The publication’s recent top 100 list of ‘The Richest Countries in the World’ for 2016 is not only based upon a country or jurisdiction’s per capita – Gross Domestic Product – but also its purchasing power parity (PPP) ‘which factors in differing costs of living and relative inflation rates that impact upon the real buying power of residents.’
According to the report, the city’s GDP-PPP per capita value is estimated at 96,147 international dollars for last year, while that of Qatar and Luxembourg reached 129,726 and 101,936 international dollars, respectively.
‘Macau has rebounded on the back of a revival of its casinos and associated tourism,’ the publication notes.

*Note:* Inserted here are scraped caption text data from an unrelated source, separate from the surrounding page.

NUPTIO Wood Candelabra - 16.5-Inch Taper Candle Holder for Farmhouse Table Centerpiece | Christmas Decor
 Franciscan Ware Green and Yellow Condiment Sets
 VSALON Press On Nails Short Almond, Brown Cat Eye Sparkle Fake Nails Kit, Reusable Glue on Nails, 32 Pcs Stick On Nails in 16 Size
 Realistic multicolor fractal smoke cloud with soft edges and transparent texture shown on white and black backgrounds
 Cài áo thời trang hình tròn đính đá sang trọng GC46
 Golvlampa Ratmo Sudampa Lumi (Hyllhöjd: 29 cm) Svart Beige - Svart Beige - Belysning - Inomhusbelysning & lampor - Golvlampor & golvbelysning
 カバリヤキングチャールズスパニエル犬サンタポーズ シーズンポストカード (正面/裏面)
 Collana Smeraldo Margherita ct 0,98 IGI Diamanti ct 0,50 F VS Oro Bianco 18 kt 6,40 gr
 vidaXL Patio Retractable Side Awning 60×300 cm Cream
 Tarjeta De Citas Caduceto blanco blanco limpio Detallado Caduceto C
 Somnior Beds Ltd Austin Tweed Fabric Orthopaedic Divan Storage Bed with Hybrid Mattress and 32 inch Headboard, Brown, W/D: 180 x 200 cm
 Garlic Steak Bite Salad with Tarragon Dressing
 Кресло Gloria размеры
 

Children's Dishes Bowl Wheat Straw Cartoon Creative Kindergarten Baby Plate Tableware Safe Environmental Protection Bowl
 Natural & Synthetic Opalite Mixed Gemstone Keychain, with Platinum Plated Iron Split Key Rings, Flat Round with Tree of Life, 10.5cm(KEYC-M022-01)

Saying the city is ‘now back on the up’ following a slump of 26 months in the gaming industry, the publication believes the sector would expand following the recent opening of Wynn Palace and The Parisian Macao.
According to official data, Macau’s GDP per capita fell 2.78 per cent year-on-year to MOP554,619 (US$69,327) for 2016, a significant improvement from the decline of 23.9 per cent for 2015.
That followed the recovery of the city’s gaming industry from July 2016, which wrapped up the year with total gaming revenue of MOP223.2 billion, a decrease of 3.3 per cent year-on-year, as compared to that of 34.3 per cent in 2015.
‘In this very particular economy, GDP per capita remains one of the highest in the world,’ the publication concluded.
Rest on the list
Meanwhile, neighbouring SAR Hong Kong is ranked 12th richest with a GDP-PPP per capita value of 58,094 international dollars; Taiwan comes in 22nd with 47,790 international dollars; while China ranks 81st with 15,423 international dollars;
Singapore is the only other member from Asia on the top 10 richest list, with a GDP-PPP value of 87,082 international dollars, the fourth richest in the world.
The remaining top 10 list entrants are, by order, Brunei Darussalam, Kuwait, Ireland, Norway, United Arab Emirates (UAE) and San Marino.
Noting the richness of gas puts Qatar at the richest position in the world – as with Norway and the UAE – the publication indicated ‘lower oil prices have meant that Qataris’ average income decreased by some $15,000 compared to what it had been in 2015,’ which is ‘in contrast to Norway and the UAE whose more diversified economies helped cushion them from international commodity price-swings.’
On the other hand, the report commented that Luxembourg and Singapore both benefit from having highly developed financial services sectors and relatively low tax rates, helping the countries attract global wealth flows.